◆ WORK INSTRUCTION: The entries below contain a stretch that opens with the line containing "Mineral Black 2023 INFINITI QX60 LUXE" and closes with the line containing "image for item"; set down that stretch exactly, both ends included, and nothing else.

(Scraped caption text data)
####

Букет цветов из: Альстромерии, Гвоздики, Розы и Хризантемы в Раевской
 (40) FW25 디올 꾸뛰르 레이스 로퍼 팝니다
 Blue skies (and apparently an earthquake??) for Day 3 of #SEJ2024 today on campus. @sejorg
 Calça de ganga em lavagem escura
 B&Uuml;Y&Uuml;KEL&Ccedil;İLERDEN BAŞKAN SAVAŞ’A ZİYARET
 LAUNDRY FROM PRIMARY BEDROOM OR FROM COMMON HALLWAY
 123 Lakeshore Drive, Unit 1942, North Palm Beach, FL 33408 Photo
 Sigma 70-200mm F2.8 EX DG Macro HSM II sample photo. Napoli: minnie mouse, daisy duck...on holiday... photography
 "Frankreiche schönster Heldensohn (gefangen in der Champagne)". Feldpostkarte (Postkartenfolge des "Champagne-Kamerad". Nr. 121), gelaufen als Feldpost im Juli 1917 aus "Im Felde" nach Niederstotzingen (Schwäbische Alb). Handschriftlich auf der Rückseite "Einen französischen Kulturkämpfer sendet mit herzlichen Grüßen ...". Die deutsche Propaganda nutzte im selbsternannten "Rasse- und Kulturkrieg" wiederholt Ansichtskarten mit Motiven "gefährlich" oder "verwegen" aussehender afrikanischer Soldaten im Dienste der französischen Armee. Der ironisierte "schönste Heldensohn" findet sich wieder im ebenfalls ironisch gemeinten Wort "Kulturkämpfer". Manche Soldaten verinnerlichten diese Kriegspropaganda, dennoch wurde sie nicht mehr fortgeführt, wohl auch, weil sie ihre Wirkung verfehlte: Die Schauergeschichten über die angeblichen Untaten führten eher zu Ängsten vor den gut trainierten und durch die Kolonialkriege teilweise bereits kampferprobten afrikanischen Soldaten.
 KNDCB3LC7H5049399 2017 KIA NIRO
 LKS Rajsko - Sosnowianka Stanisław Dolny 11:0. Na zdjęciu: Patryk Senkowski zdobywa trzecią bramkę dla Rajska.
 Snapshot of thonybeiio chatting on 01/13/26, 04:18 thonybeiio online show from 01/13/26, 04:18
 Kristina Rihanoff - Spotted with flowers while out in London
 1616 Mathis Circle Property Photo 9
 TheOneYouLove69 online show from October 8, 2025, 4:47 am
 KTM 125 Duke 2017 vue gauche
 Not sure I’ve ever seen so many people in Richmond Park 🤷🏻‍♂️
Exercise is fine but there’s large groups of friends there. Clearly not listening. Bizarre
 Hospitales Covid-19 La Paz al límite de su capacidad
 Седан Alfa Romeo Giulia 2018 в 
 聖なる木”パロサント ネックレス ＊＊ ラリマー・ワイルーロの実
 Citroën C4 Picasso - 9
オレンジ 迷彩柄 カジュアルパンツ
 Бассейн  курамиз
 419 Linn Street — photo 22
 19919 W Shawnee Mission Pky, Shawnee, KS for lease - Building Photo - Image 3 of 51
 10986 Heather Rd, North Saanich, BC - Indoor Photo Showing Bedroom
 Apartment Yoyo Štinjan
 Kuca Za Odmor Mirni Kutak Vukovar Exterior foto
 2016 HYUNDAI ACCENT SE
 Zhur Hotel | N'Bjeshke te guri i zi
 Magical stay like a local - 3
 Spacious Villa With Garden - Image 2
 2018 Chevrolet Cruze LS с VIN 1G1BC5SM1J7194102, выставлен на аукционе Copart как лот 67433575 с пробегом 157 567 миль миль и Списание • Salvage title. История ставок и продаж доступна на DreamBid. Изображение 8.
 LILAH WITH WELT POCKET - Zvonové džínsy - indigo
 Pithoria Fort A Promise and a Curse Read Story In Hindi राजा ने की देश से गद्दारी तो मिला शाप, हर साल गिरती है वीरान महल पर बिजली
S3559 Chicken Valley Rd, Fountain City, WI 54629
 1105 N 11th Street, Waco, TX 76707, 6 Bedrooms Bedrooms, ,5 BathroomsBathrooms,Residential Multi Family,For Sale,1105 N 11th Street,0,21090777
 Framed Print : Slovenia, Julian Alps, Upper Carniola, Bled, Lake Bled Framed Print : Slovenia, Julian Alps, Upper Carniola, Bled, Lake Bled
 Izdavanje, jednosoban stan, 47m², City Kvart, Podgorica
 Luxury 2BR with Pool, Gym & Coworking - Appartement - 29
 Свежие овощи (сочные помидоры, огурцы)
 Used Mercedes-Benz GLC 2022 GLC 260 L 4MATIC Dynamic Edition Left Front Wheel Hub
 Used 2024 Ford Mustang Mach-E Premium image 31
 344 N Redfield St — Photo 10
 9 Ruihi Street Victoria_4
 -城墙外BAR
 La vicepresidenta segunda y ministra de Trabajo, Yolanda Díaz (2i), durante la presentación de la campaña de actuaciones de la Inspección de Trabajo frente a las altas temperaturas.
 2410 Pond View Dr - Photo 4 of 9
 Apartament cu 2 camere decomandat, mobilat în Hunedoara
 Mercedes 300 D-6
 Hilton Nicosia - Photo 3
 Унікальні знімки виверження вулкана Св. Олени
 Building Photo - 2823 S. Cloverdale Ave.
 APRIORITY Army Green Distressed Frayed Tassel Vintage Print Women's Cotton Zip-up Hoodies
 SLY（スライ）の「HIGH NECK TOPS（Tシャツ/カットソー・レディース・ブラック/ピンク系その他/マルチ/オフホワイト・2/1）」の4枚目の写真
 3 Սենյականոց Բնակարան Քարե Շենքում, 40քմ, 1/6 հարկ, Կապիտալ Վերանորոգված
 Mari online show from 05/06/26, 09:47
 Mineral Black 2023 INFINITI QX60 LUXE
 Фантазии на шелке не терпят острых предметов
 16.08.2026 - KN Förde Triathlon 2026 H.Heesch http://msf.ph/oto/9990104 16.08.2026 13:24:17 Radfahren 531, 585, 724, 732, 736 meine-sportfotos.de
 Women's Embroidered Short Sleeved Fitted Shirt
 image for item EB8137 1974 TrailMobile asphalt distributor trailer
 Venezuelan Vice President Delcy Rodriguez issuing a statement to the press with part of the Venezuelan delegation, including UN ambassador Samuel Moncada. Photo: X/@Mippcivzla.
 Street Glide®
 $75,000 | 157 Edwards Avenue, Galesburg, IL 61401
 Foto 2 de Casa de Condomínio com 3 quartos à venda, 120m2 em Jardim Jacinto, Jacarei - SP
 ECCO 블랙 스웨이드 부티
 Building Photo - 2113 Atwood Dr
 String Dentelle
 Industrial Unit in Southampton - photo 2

####

◆ TASK RESULT:
 Mineral Black 2023 INFINITI QX60 LUXE
 Фантазии на шелке не терпят острых предметов
 16.08.2026 - KN Förde Triathlon 2026 H.Heesch http://msf.ph/oto/9990104 16.08.2026 13:24:17 Radfahren 531, 585, 724, 732, 736 meine-sportfotos.de
 Women's Embroidered Short Sleeved Fitted Shirt
 image for item EB8137 1974 TrailMobile asphalt distributor trailer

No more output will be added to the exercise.